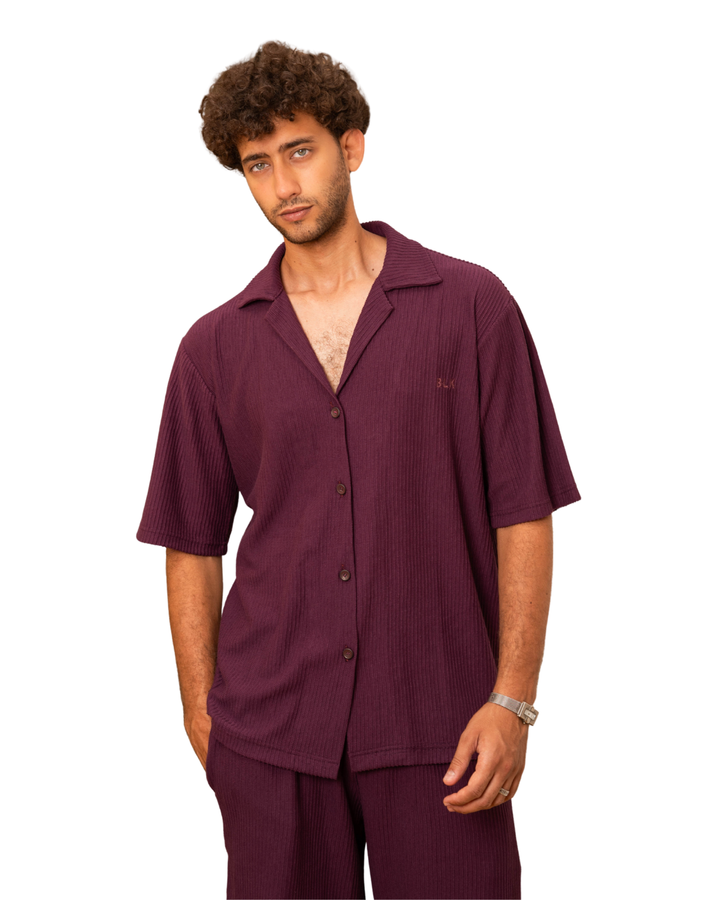 Ribbed Shirt & Shorts Set - Burgundy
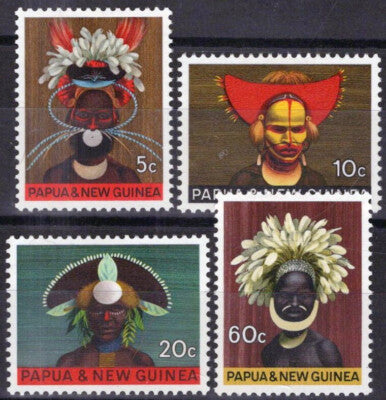 Papua New Guinea 253-256 MH Chimbu Headdress Costumes ZAYIX 071423S151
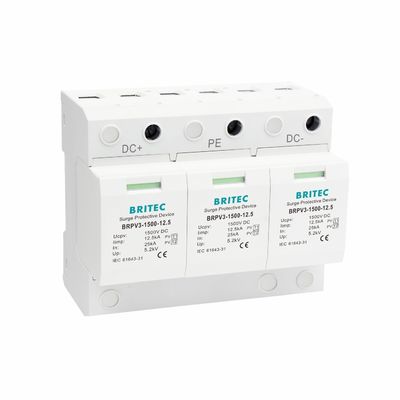 BRPV3-1500-12.5 DC SPD 12.5ka pv arrester de sobretensão 1500V DC SPD proteção contra sobretensão t1 t2 dc
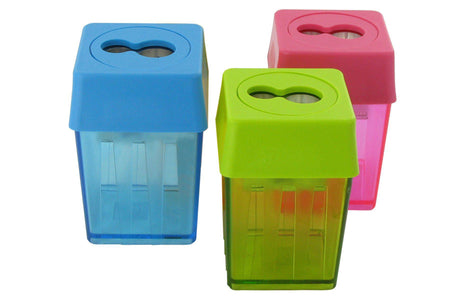 Blue KUM 228 M2 pencil sharpener with a compact design and metal blade for precise sharpening of standard pencils.
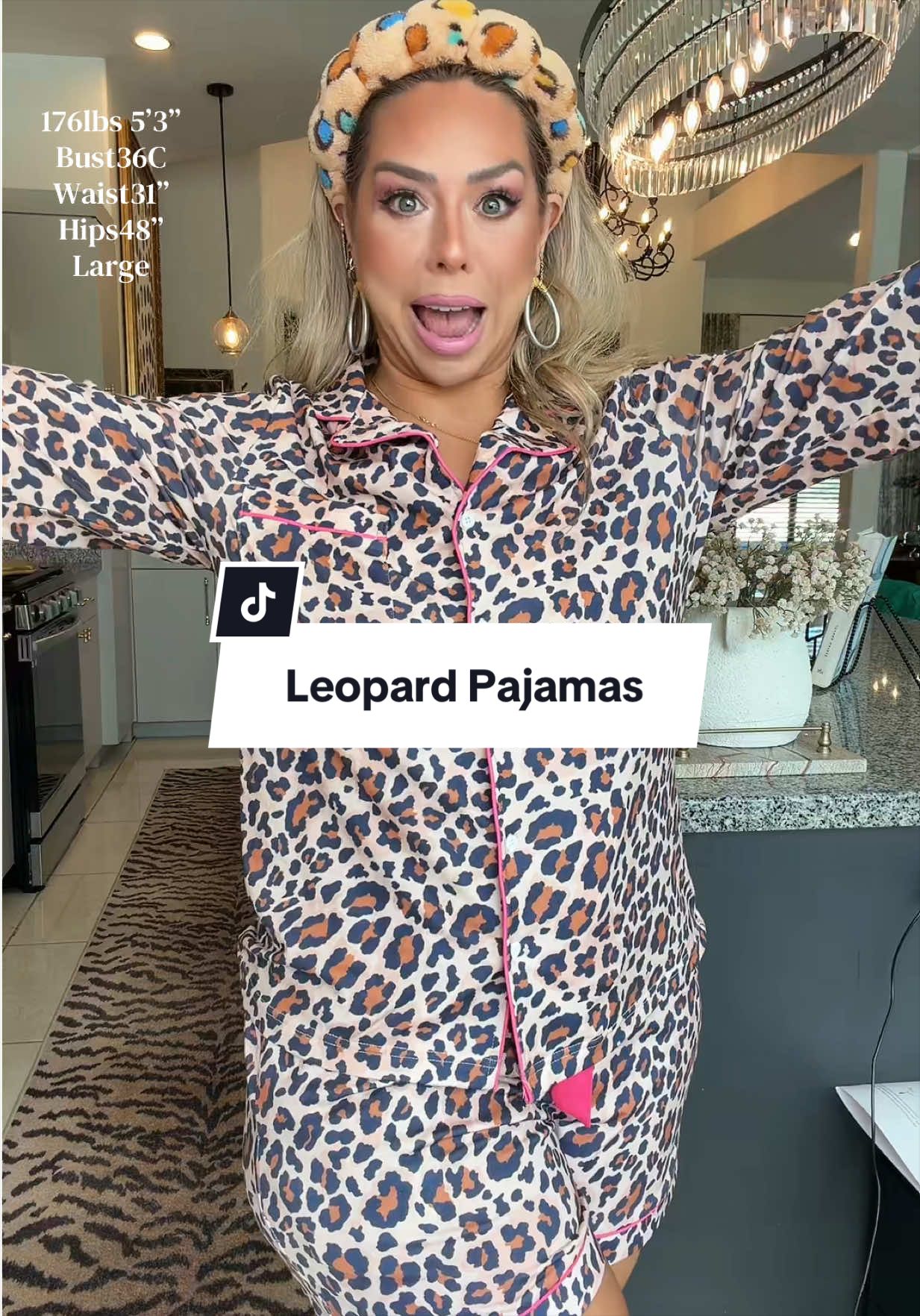 TikTok post by @lindaannettem for Fisace Shop. Caption reads: Soft Leopard Pajamas… Sign me up🐆☁️ @Imily Bela....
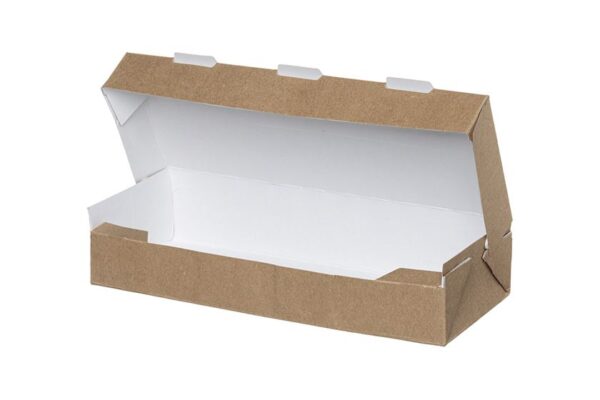 Kraft Automated Food Boxes White Interior T24 24,1 x 13 x 5,5 cm. | Intertan S.A.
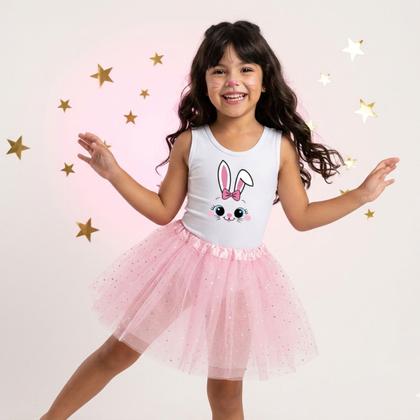 Imagem de Fantasia Infantil Menina Coelhinha Saia e Body Cor:BrancoTamanho:8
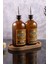 500ML Amber Renkli Ahşap Stantlı Vintage Desenli Cam Yağdanlık 2'li Set Zeytinyağı Sıvıyağ Şişesi 3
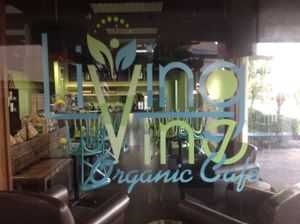 Our motto is" EAT TO LIVE at Living Vine Organic Cafe in Fort Myers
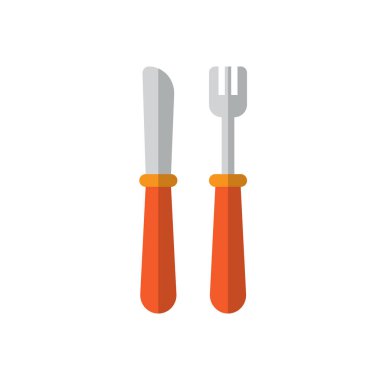 Çatal ve bıçak düz simgesi, dolgulu vektör işareti, renkli sembol üzerinde beyaz izole. Yemek, restoran sembol, logo illüstrasyon. Düz stil tasarım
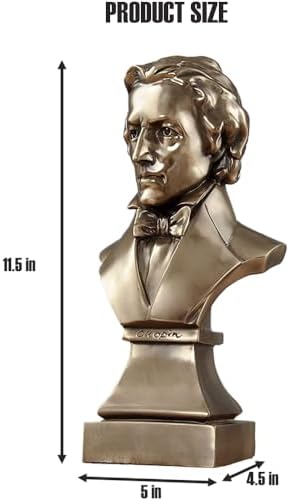 Chopin Bronze Resin Bust Statue - Desk and Piano Decor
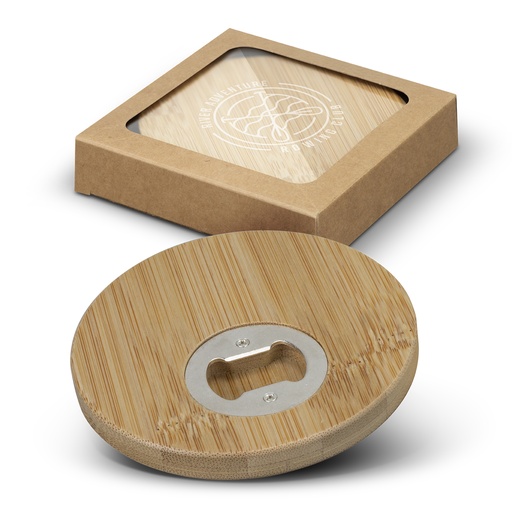 Bamboo Bottle Opener Coaster - Set of 2 - Round
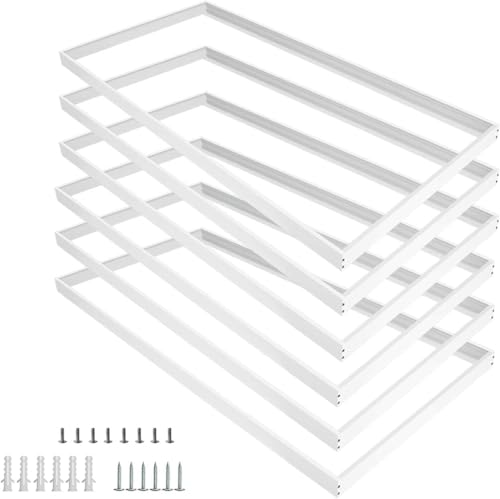 6 Pack 2x4FT Surface Mount Kit for LED Flat Panel Light - Aluminum 2’x4' ft Ceiling Frame Kit with Mounting Screws, Easy to Install and Durable, 2x4FT Surface Mount Kits for Ceiling - White Frame.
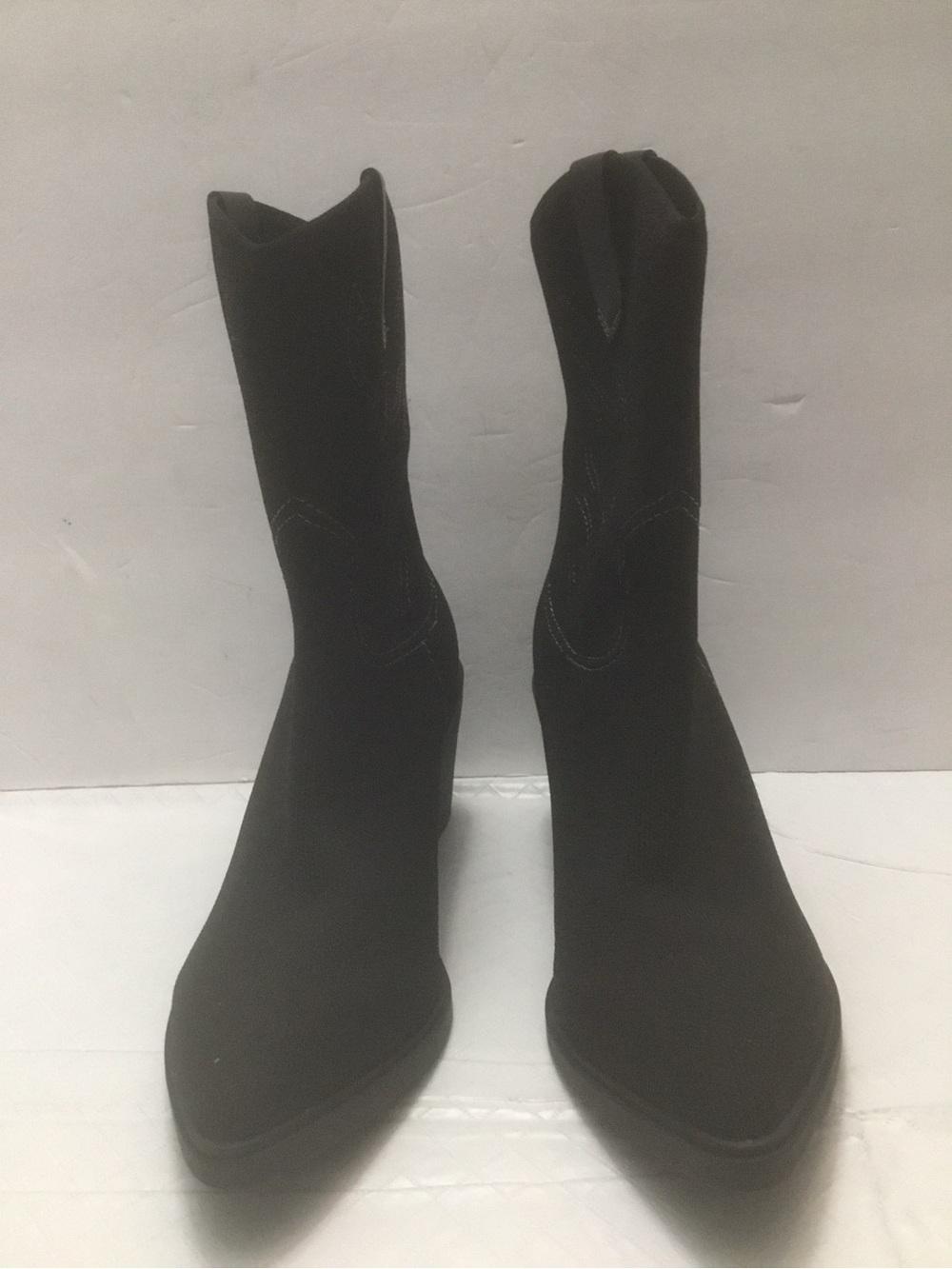 Black Vivaia Pointed Toe Block Heel Pumps size 36.5 - Picture 2 of 8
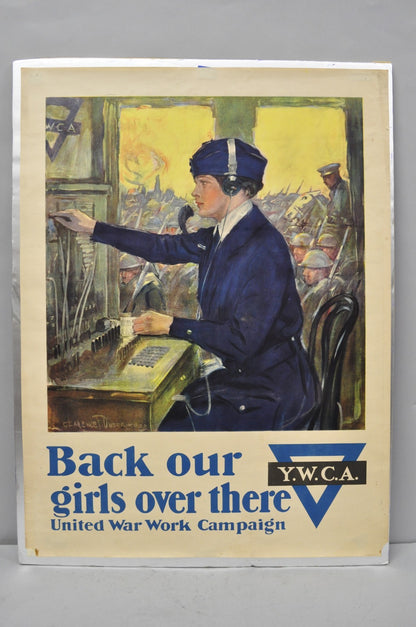 Original 1918 YWCA WWI Poster 'Back Our Girls Over There' by Clarence Underwood
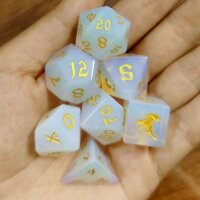 Natural Opal stone dice set 7 pieces set for D&D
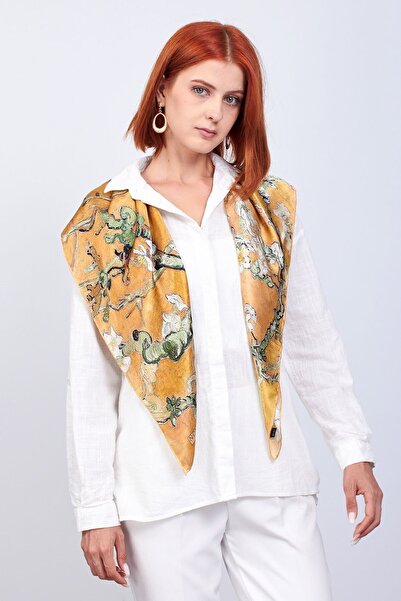 Nomads Felt 100% Silk Scarf| 90 cm| Gold Van Gogh Almond Tree|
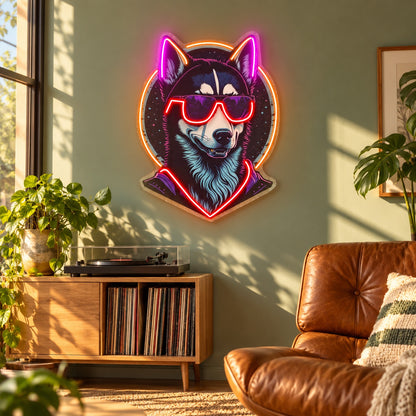 Husky With Sunglasses LED Neon Sign - lifestyle view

********

Your assignment: No pictures belong in the answer. It must repeat exactly the lines from the line with "Original 1918 YWCA" through the final line of the records.

Solution:
 Original 1918 YWCA WWI Poster 'Back Our Girls Over There' by Clarence Underwood
 Natural Opal stone dice set 7 pieces set for D&D
 Nomads Felt 100% Silk Scarf| 90 cm| Gold Van Gogh Almond Tree|
 Husky With Sunglasses LED Neon Sign - lifestyle view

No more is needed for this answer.